What is run in the separate thread is the entire method call that returns results. So with the original example:
foos = DB[:foos].async.where(name: 'A'..'M').all bar_names = DB[:bars].async.select_order_map(:name) baz_1 = DB[:bazes].async.first(id: 1)
The all
, select_order_map(:name)
, and first(id: 1)
calls are run in separate threads. If a block is passed to a method such as all
or each
, the block is also run in that thread. If you have code such as:
h = {} DB[:foos].async.each{|row| h[row[:id]] = row} bar_names = DB[:bars].async.select_order_map(:name) p h
You may end up with it printing an empty hash or partial hash, because the async each
call will not have run or finished running. Since the p h
code relies on a side-effect of the each
block and not the return value of the each
call, it will not wait for the loading.
You should avoid using async
for any queries where you are ignoring the return value, as otherwise you have no way to wait for the query to be run.

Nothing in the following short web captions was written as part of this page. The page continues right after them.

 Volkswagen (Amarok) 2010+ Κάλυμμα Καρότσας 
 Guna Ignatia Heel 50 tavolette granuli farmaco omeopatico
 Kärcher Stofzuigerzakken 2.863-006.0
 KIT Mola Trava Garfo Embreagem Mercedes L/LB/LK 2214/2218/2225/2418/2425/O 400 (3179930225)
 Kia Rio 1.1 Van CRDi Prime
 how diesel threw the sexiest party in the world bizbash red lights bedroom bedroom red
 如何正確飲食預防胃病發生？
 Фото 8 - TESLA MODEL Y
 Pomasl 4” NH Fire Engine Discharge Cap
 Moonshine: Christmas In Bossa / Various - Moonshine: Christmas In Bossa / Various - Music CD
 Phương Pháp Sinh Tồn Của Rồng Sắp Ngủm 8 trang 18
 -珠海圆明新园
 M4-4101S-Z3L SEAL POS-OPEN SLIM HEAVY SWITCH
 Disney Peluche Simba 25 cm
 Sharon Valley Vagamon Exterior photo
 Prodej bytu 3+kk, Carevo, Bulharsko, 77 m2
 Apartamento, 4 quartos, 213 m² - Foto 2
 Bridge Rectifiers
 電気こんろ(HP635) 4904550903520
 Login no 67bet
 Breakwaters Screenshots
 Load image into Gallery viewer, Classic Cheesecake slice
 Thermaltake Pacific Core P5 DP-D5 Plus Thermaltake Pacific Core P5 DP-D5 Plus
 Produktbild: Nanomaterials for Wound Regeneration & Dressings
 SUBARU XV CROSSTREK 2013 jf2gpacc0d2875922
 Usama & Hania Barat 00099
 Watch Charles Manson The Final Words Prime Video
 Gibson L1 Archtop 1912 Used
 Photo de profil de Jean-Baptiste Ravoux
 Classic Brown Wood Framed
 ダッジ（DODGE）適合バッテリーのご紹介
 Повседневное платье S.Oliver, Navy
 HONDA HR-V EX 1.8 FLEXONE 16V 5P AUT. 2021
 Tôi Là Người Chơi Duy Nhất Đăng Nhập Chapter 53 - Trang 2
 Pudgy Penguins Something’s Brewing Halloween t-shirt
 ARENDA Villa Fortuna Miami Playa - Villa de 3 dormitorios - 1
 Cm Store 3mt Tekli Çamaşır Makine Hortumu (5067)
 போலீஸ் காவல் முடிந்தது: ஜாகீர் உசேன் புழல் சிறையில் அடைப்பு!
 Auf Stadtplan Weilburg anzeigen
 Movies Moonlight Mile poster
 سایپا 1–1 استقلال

Datasets that use async will use async threads to load data for the majority of methods that can return data. However, dataset methods that return enumerators will not use an async thread (e.g. calling # Dataset#map without a block or arguments does not use an async thread or return a proxy object).
Because async methods (including their blocks) run in a separate thread, you should not use control flow modifiers such as return
or break
in async queries. Doing so will result in a error.
Because async results are returned as proxy objects, it’s a bad idea to use them in a boolean setting:
result = DB[:foo].async.get(:boolean_column) # or: result = DB[:foo].async.first # ... if result # will always execute this banch, since result is a proxy object end
In this case, you can call the __value
method to return the actual result:
if result.__value # will not execute this branch if the dataset method returned nil or false end
Similarly, because a proxy object is used, you should be careful using the result in a case statement or an argument to Class#===
:
# ... case result when Hash, true, false # will never take this branch, since result is a proxy object end
Similar to usage in an if
statement, you should use __value
:
case result.__value when Hash, true, false # will never take this branch, since result is a proxy object end
On Ruby 2.2+, you can use itself
instead of __value
. It’s preferable to use itself
if you can, as that will allow code to work with both proxy objects and regular objects.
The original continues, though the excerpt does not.